In October 1917, British forces finally drove the Ottoman army from Gaza, in recent weeks the site of Israeli-Palestinian fighting but then a dusty garrison town that had stubbornly held out against British attacks.
Gaza’s fall was a turning point in World War I, and Britain’s war-weary government seized upon it. Politicians in London saw an opportunity to turn the inevitable British entry into Jerusalem that followed three months later into a grand historical moment. The Balfour Declaration — which promised to establish a Jewish homeland in Palestine — is a direct result of that desire.
Throughout the war, Britain had tried to bolster support for its imperial holdings by cutting deals with religious and ethnic groups who had previously been treated as little better than vassals. In India, Burma, Nigeria and elsewhere, these decisions remain poignant to this day, primary because they stoked resentments between tribes and ethnicities who benefited from colonial arrangements and those who were left on the outside.
But nowhere did this tactic sow as much future enmity as in Palestine.
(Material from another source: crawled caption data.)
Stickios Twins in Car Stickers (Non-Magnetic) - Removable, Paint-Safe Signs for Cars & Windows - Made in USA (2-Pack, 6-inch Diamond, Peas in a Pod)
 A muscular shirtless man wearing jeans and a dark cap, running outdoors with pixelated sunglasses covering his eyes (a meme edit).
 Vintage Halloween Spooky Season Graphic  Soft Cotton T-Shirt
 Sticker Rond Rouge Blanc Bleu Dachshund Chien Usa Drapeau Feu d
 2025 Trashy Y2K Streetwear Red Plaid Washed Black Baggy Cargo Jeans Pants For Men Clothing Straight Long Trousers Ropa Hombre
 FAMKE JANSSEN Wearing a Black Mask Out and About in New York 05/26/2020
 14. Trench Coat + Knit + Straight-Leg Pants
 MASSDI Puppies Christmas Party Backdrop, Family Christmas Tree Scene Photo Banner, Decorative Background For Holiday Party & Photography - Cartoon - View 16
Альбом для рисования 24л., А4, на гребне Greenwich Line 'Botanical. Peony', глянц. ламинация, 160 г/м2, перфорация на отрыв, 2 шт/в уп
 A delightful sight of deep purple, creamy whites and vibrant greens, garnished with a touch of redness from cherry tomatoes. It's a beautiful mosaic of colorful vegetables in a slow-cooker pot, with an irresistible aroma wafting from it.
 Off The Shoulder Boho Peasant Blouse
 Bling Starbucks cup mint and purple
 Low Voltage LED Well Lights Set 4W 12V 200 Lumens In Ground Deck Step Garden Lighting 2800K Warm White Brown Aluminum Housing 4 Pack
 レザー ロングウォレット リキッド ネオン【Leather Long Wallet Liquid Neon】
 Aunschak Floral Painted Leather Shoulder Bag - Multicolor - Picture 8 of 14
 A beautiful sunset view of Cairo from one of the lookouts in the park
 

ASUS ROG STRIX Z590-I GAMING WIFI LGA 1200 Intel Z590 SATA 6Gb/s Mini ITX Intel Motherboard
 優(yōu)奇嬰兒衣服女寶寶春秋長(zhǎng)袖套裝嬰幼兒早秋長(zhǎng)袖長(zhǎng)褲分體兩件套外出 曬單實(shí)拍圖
In 1915, Henry McMahon, Britain’s High Commissioner for Egypt, had already promised Hussein bin Ali, the Sharif of Mecca and leader of Arab Islam, that an Arab nation would exist after the war if the sharif led Arab tribes in revolt against the Ottoman Turks.
The borders of this future nation were left vague, but Sharif Ali clearly thought Jerusalem and Palestine were included. And so he agreed and the famous Arab Revolt, popularized in the film “Lawrence of Arabia,” began in April 1916.
From The GroundTruth Project: Past Forward: Scars of the Great War, A Timeline of World War I
But Britain also needed money for the war, having run up a huge debt with the US even before it joined the war and ultimately shifting permanently the financial balance of power in the world.
Britain courted Jewish financiers, and most importantly, Baron Walter Rothschild, the leading light of Britain’s Jewish community and quite possibly the wealthiest man in the world at the time. In exchange for Rothschild’s continued financial and political support, he extracted a promise from British Foreign Secretary Arthur Balfour to support the establishment of a Jewish homeland in Palestine when the war ended.
The precise wording of the Balfour Declaration, provided to Rothschild on Nov. 2, 1917 and published a week later, contains important caveats. But it certainly conflicted with the promises McMahon offered to Sharif Hussein:
His Majesty's government view with favour the establishment in Palestine of a national home for the Jewish people, and will use their best endeavours to facilitate the achievement of this object, it being clearly understood that nothing shall be done which may prejudice the civil and religious rights of existing non-Jewish communities in Palestine, or the rights and political status enjoyed by Jews in any other country.
In fact, it is clear that Britain had no intention of honoring either of these post-war assurances. Soon after McMahon managed to lure the Arabs into revolt against the Ottomans, and well before the Balfour promise to Rothschild, Britain and France signed a secret agreement to split the entire Middle East between them.
The secret Sykes-Picot Agreement left France with sway over North Africa, Lebanon and Syria, with the rest of the region — including Palestine — left in British hands.
The British-French betrayal was exposed by the nascent Soviet government after the tsar was overthrown and his archives fell into the hands of the Bolsheviks, who saw its propaganda value and published it in an effort to embarrass the imperialists it now opposed.
So pervasive was Sykes-Picot that earlier this year ISIS — the radical Islamic State in Iraq and Syria now holding sway over that border area — symbolically burned a copy of the treaty to emphasize its ambition to create a true pan-Arab caliphate.
In retrospect, this bit of Great War political theater by Britain looks either cynical or, at best, short-sighted. But in context, these tactical moves look more like fin de siecle imperial chaos than a carefully calibrated bait-and-switch. After three hard years of bloodshed, Britain’s government — indeed, its empire — was on the ropes financially, militarily and psychologically.
As the Balfour deal was struck in late 1917, the war outside the so-called “Egyptian front” remained severely bogged down. British forces were only just recovering from serious defeats suffered in Mesopotamia. An attempt to knock the Ottoman Turks out of the war at Gallipoli in 1915-16 failed ignominiously, with about a half million killed or wounded on each side.
Meanwhile, the Western Front in France and Belgium was a meat grinder, by now having claimed millions of lives in pursuit of very little in terms of tangible gain. And the Russian Revolution had knocked Moscow from the war, bringing the prospect of a redeployment of millions of German and Austrian troops from the Eastern Front to the trenches of the Somme and the Marne.
From London’s standpoint, striking a grand pose as its forces ended five centuries of Ottoman rule over the holiest city in Christendom was irresistible. When British forces entered the city in December 1917, Lloyd George, the prime minister, declared Jerusalem a “Christmas present for the British people.”
But, in fact, it would have far greater and grimmer consequences for the region’s Muslims and Jews, who both now laid claim to the same territory and who have been contesting it for nearly a century since.
Aaron David Miller, a Brookings scholar and former US Mideast negotiator, captured the duplicity of British policy best in the title of his 2008 book, “The Much Too Promised Land.”
But another scholar, Jonathan Schneer, captured its consequences more succinctly in 2012 in his own book, “The Balfour Declaration — The Origins of the Arab-Israeli Conflict.”
“During World War I … Britain and her allies slew the Ottoman dragon in the Middle East," he wrote. "By their policies they sowed dragon’s teeth, armed men rose up from the ground. They are rising still.”